◆ **WHAT YOU WILL DO**:
The entire listing below is to be written out exactly, minus the pictures.
□ □ □ □
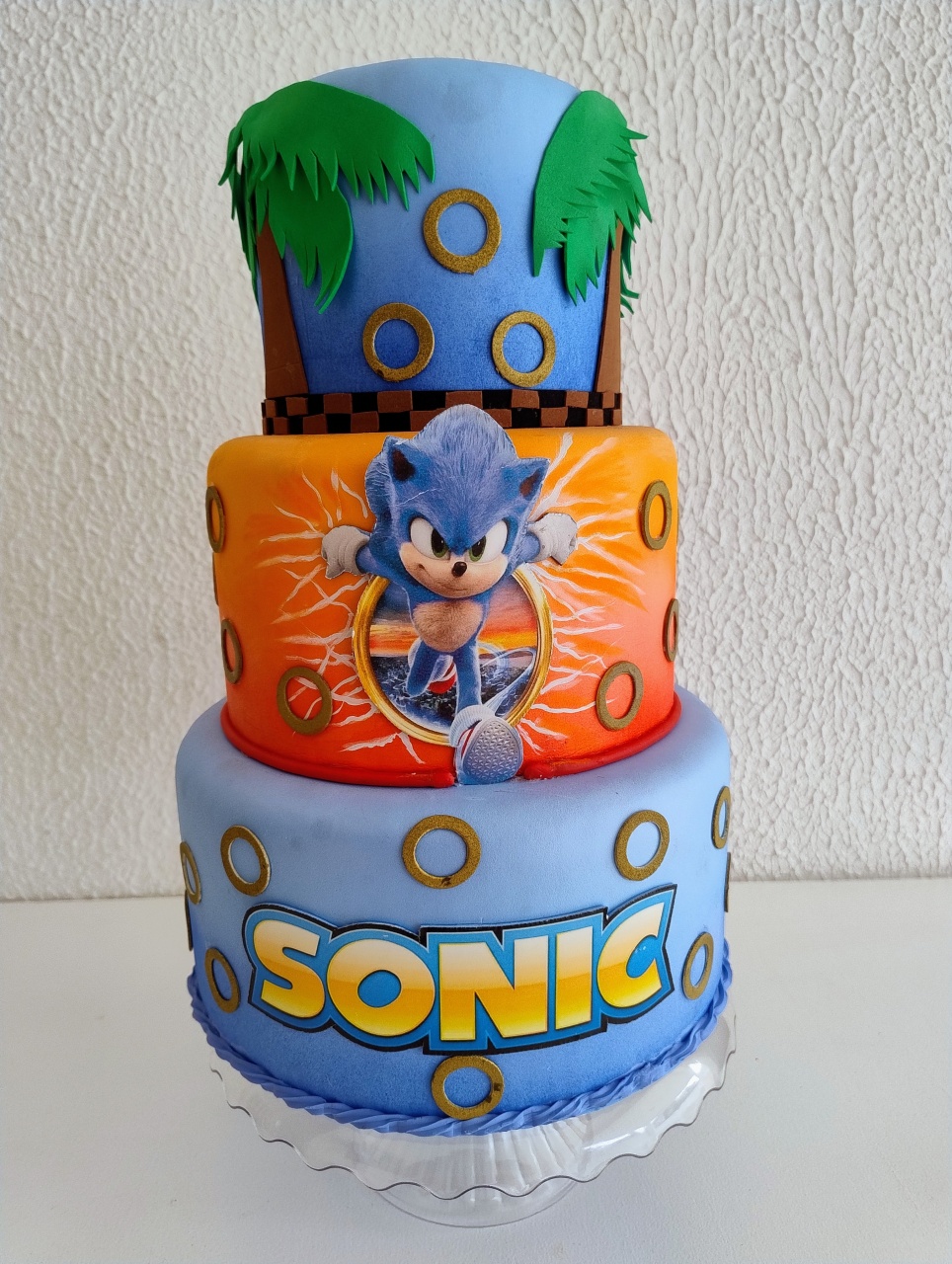 Bolo Cenográfico Sonic - Neide Locações pegue e Monte 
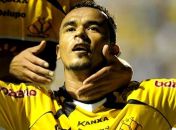 Atacante alagoano critica companheiros: "têm que baixar a bolinha"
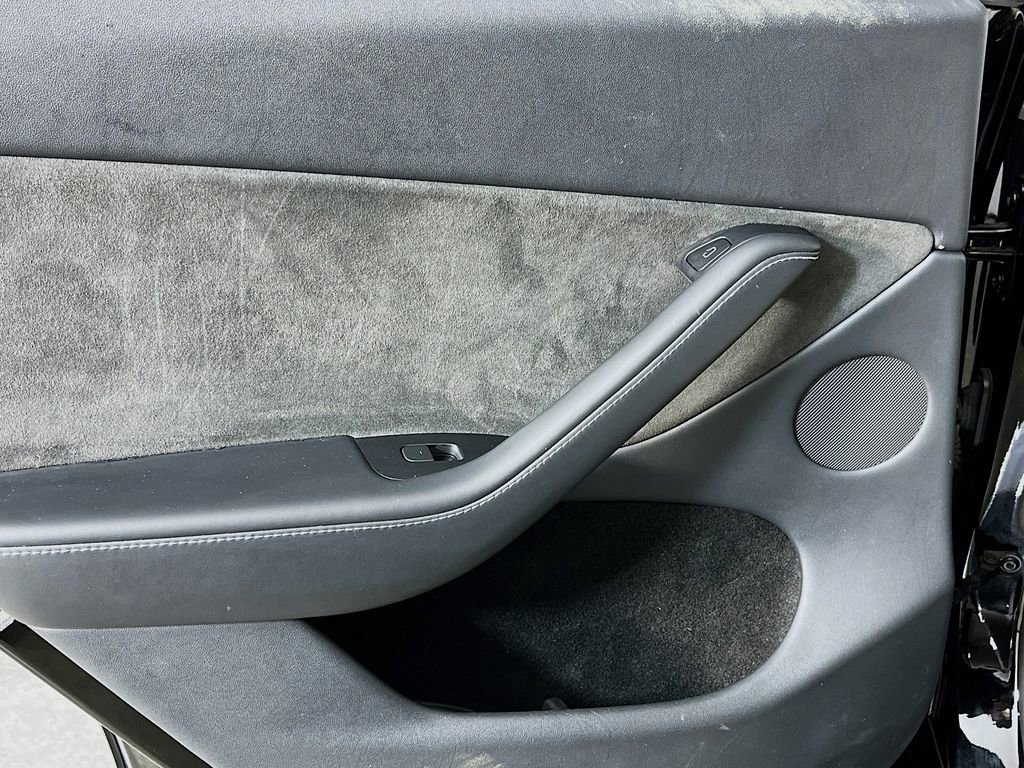 Used 2024 Tesla Model Y Performance image 24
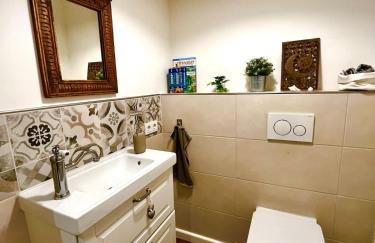 Wohlfühloase mit Pool, Kamin & großer Terrasse - Foto 31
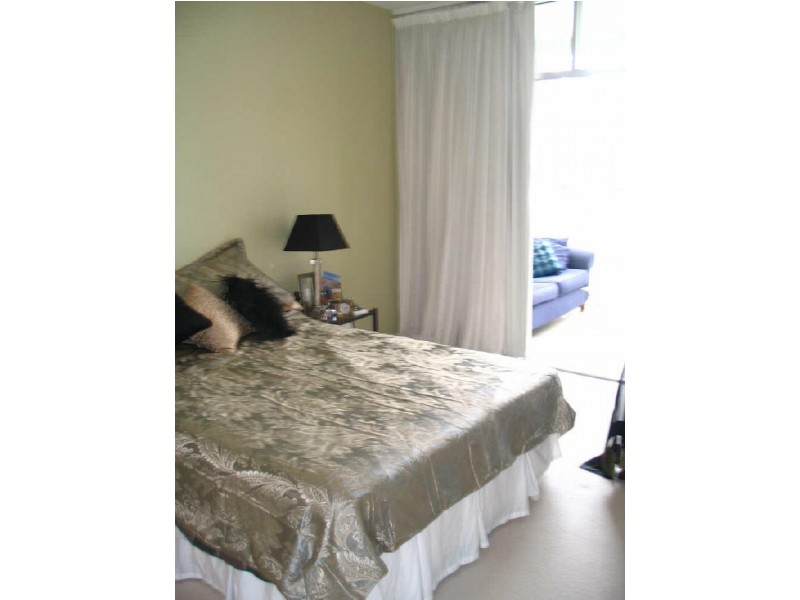 8/43 Love Street, Bulimba QLD 4171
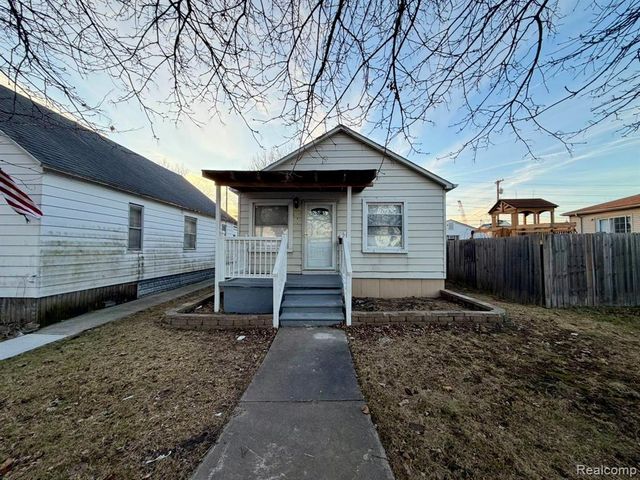 2396 Superior Street, Trenton, MI 48183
□ □ □ □
◆ **RESPONSE**:
 Bolo Cenográfico Sonic - Neide Locações pegue e Monte 
 Atacante alagoano critica companheiros: "têm que baixar a bolinha"
 Used 2024 Tesla Model Y Performance image 24
 Wohlfühloase mit Pool, Kamin & großer Terrasse - Foto 31
 8/43 Love Street, Bulimba QLD 4171
 2396 Superior Street, Trenton, MI 48183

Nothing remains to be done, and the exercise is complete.